Your instructions: Output all of the records word for word and drop the images.

Task material:
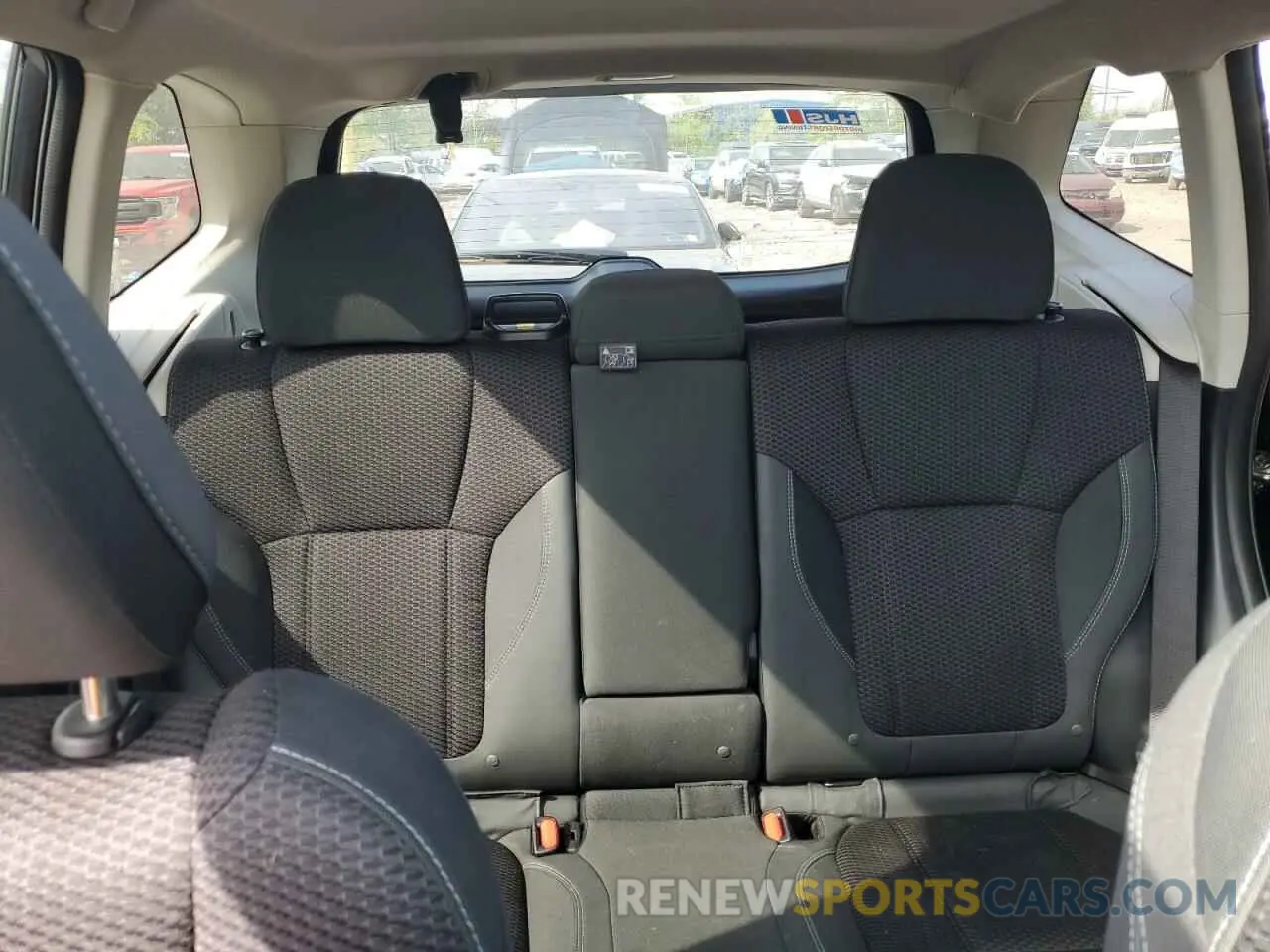 10 Photograph of a damaged car JF2SKAEC6KH400971 SUBARU FORESTER 2019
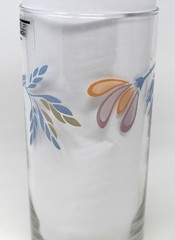 Corelle Corning PINK TRIO 6″ Drinking Glasses 16oz Tumblers Set of 2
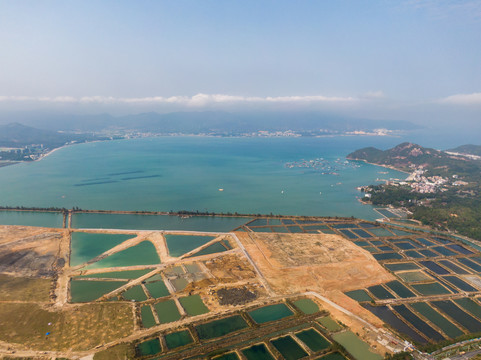 深圳大鹏湾地质公园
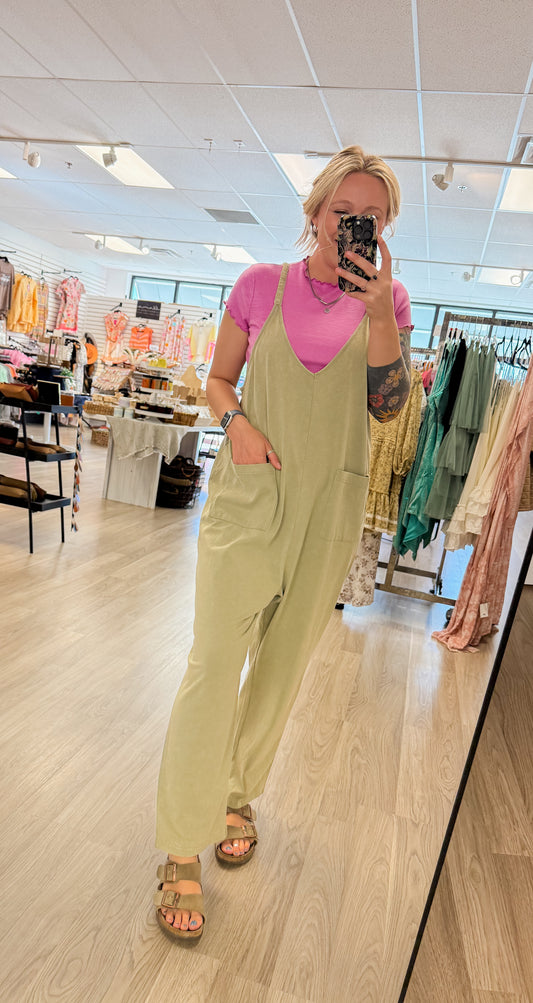 Grubb Ln. Jumpsuit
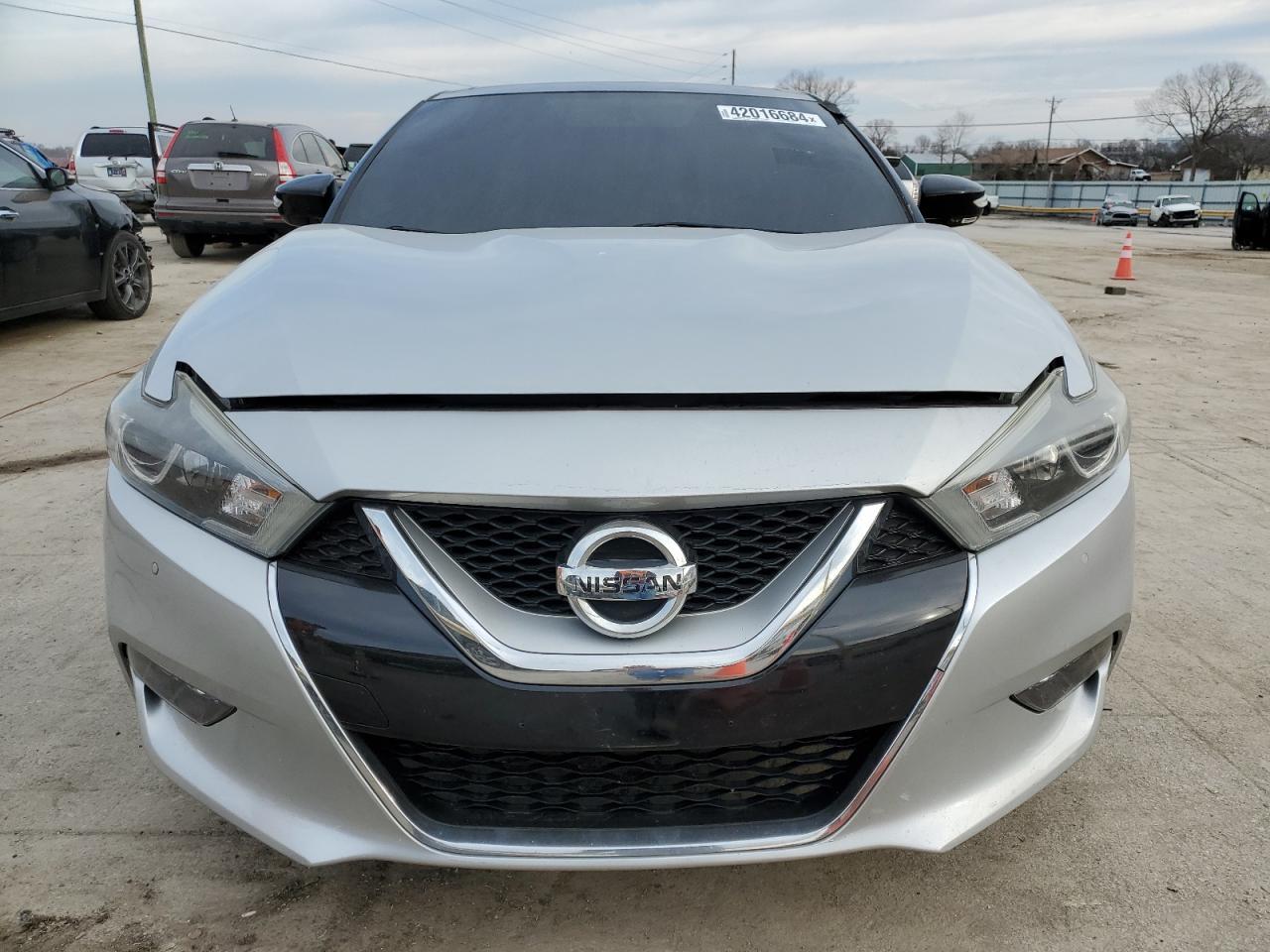 2017 NISSAN MAXIMA 3.5 - Фото 5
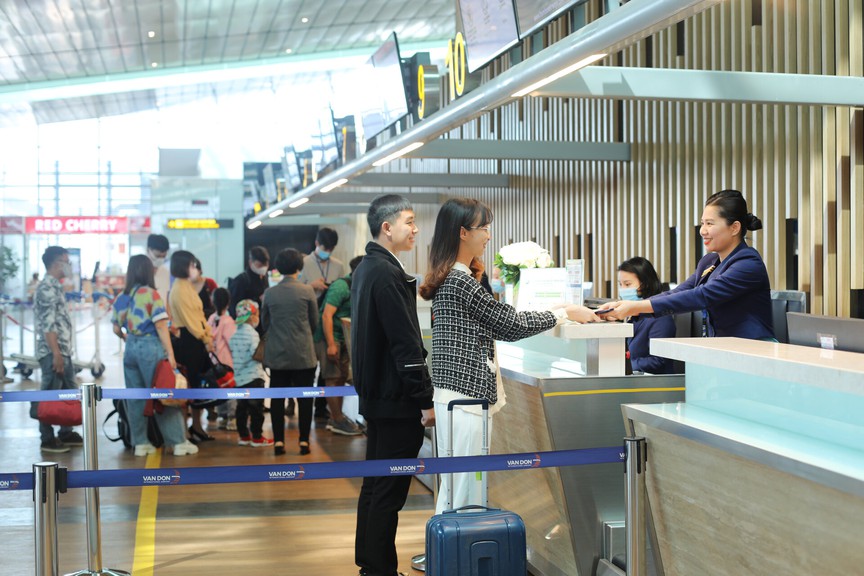 Những công trình hạ tầng tạo dư địa phát triển đặc khu kinh tế thế hệ mới Vân Đồn- Ảnh 4. Những công trình hạ tầng tạo dư địa phát triển đặc khu kinh tế thế hệ mới Vân Đồn- Ảnh 4.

Written reply:
 10 Photograph of a damaged car JF2SKAEC6KH400971 SUBARU FORESTER 2019
 Corelle Corning PINK TRIO 6″ Drinking Glasses 16oz Tumblers Set of 2
 深圳大鹏湾地质公园
 Grubb Ln. Jumpsuit
 2017 NISSAN MAXIMA 3.5 - Фото 5
 Những công trình hạ tầng tạo dư địa phát triển đặc khu kinh tế thế hệ mới Vân Đồn- Ảnh 4. Những công trình hạ tầng tạo dư địa phát triển đặc khu kinh tế thế hệ mới Vân Đồn- Ảnh 4.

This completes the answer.